Sadly, idiots are taking over the world slowly but steadily,)
As long as we're insulting people ... it's going to be 2014 in three weeks. Who compiles anything for PHP4? Boasting about an ability to handle other people's messy scripts sounds like an anti-pattern to me, and your recommendation to your org should be to develop a plan to refactor anything dependent on a library that has been deprecated for 6 years and actively out of development for 5.
I also feel like the vast majority of folks claiming merit badges as DBAs in 2013 are the product of failed technology roadmaps and technical debt with no plans to pay it off. I'm sure there are still places where true, full-time DBAs are worth their paycheck, but in my experience these are far and few between with the current status of OSS database options and hardware performance.
People may assume whatever they wish.)
> Who compiles anything for PHP4?
It was long ago, but you probably wouldn't believe how many people are scared to touch anything, leave alone to perform even a necessary security update - "what if it stop working?!"
Unfortunately, frustration, which sometimes influenced wording of some of my comments, is based on a quite long time in the industry, and I never asked for it.
The claim isn't that the service replaces the skilled, productive and expensive folks entirely, those professionals are still needed. They just work for the service provider.
The business entity that creates the actual product can focus on just that, and not complicated DBA tasks. It's a developers world. ;-).
Also, it's not a MongoDB centric concept. Rackspace and Amazon have multiple data products now, with more coming, and they all fall under this concept in my mind.
The last thing you want is a full transaction log during peak hours.
My sublime text is open and I have a cloud control panel open on chrome, am I the technology decision maker? Nobody told me that here on the company.
Wait... maybe nobody told me because... I'm the decision maker D=
DBAs are not going to go anywhere. Sure, you can scale the DB in the cloud quite a bit in and perform well but it's not free :) In the cloud, you would be literally paying for your bad design decisions in terms of hard dollars rather than performance issues.

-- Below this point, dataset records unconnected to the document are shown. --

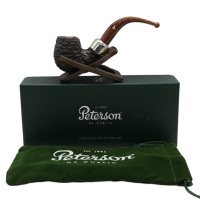 Peterson Derry Rustic 230 Nickel Mounted 9mm Filter Fishtail Pipe (PE2776)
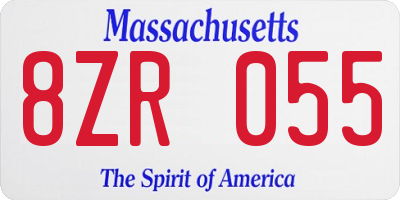 MA license plate 8ZR055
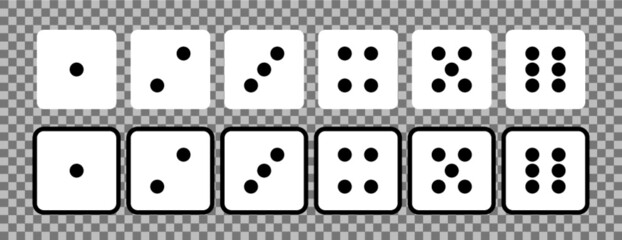 White dices with black dots / hvide terninger med sorte prikker, Vector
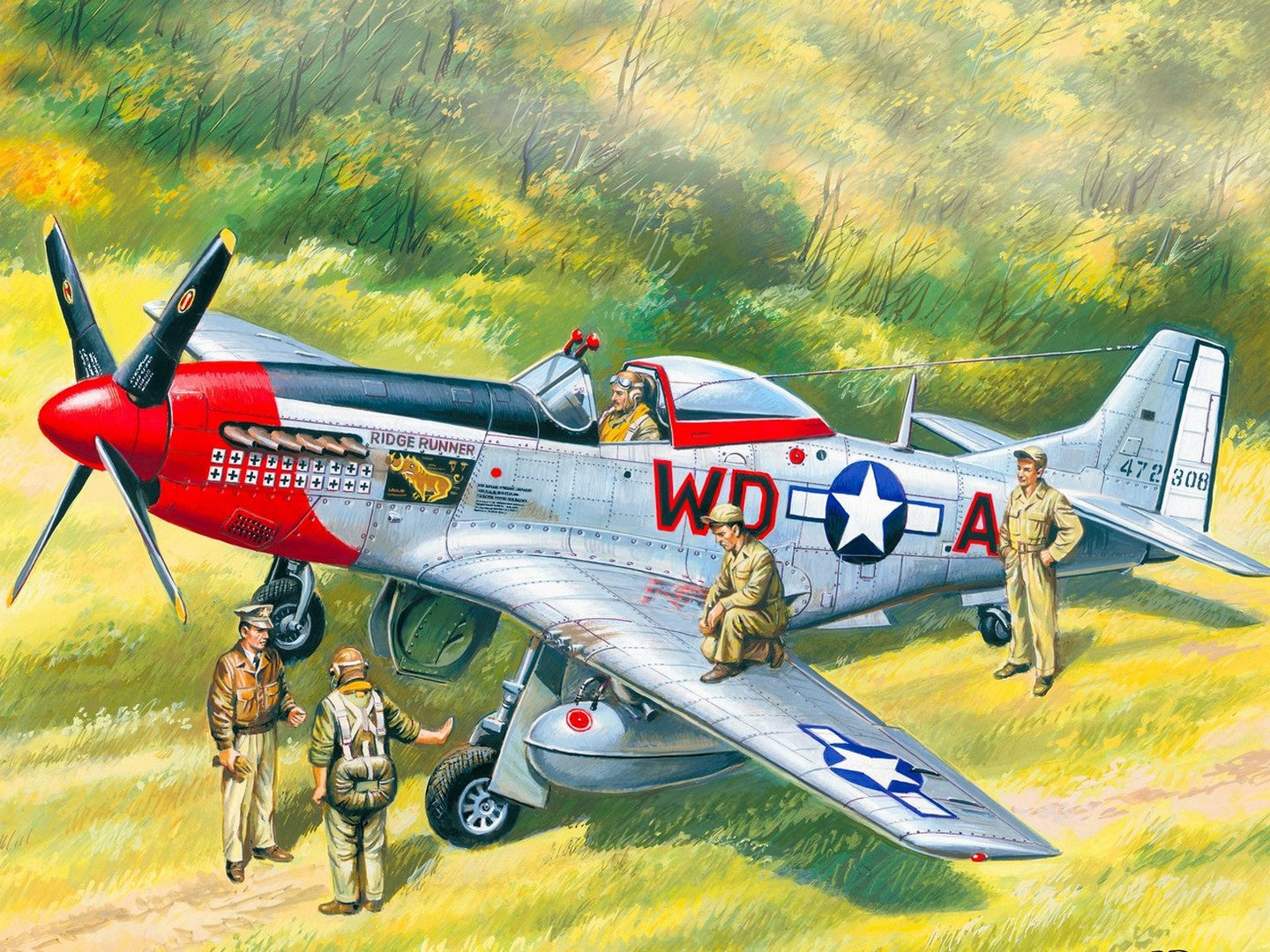 Mustang P-51D with USAAF Pilots & Ground Personnel (5 Figures) ICM48153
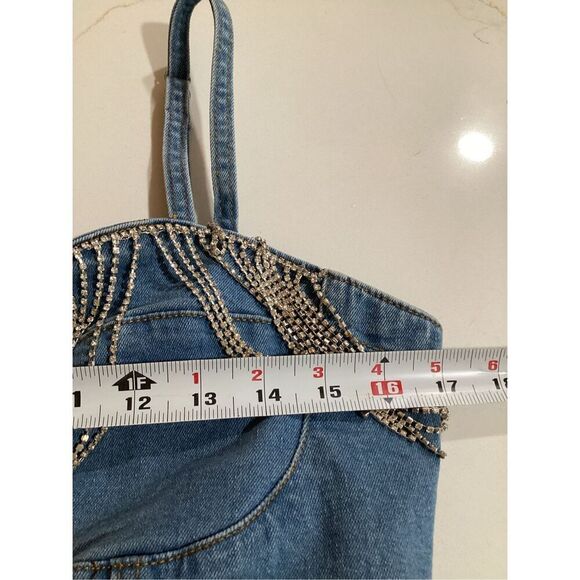Savanna Jane Emma Denim Cropped Corset Sz M Rhinestone Fringe - Picture 6 of 8
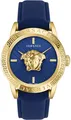 Produktbild: Versace VESN00322 V-Code Palazzo gold blau Leder Armband Uhr Herren NEU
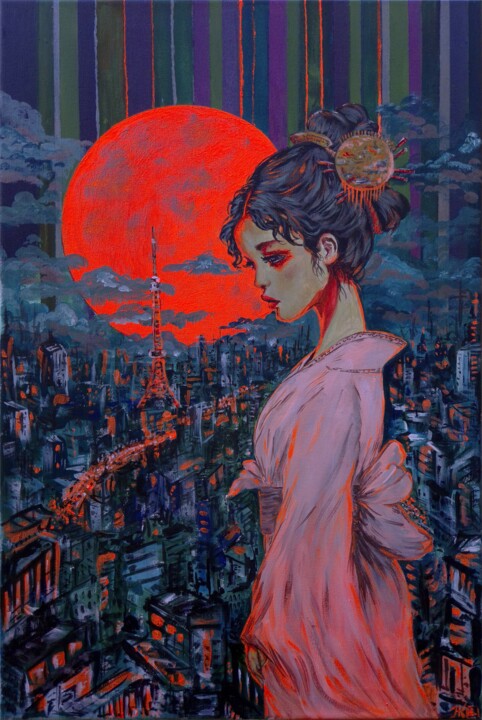 "Geisha in Neon Light" – Atmospheric Portrait, Acrylic Paint 绘画, 23.6x15.8 in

Most start-ups or in house apps are fine while the salary(dba) => cost of cloud. However, that magic condition starts returning false pretty quickly if you are doing any non-trivial data management.
The banking world doesn't give their data to others and organization of ATM data, market data, customer account data, etc is only getting more complex and requiring excellent organization and management for terra data analysis to protect cusomters for fraud and worse.
Pick any data storage system you like - MongoDb, Redis, Riak, whatever.
Now, you get to place a bet. In the future (let's say 25 years) what will still exist: your choice of NoSQL, or the standard database with schema, SQL, access, and so on? If you choose wrong, you die.
Now you get to see the future and see if you die. Which are you betting on?
But in all seriousness, if your app uses a database, you are incompetent not to employ an expert to help with the database, whether advising on the query plan of those non-performant queries, or what is the best setup for the current stage of the business and app, they are very useful.
DBs performance is complicated, yes, but the vast majority of it is extremely simple. It's just none of this simple stuff has to be learnt until it's too late and the cost of fixing it has dramatically increased.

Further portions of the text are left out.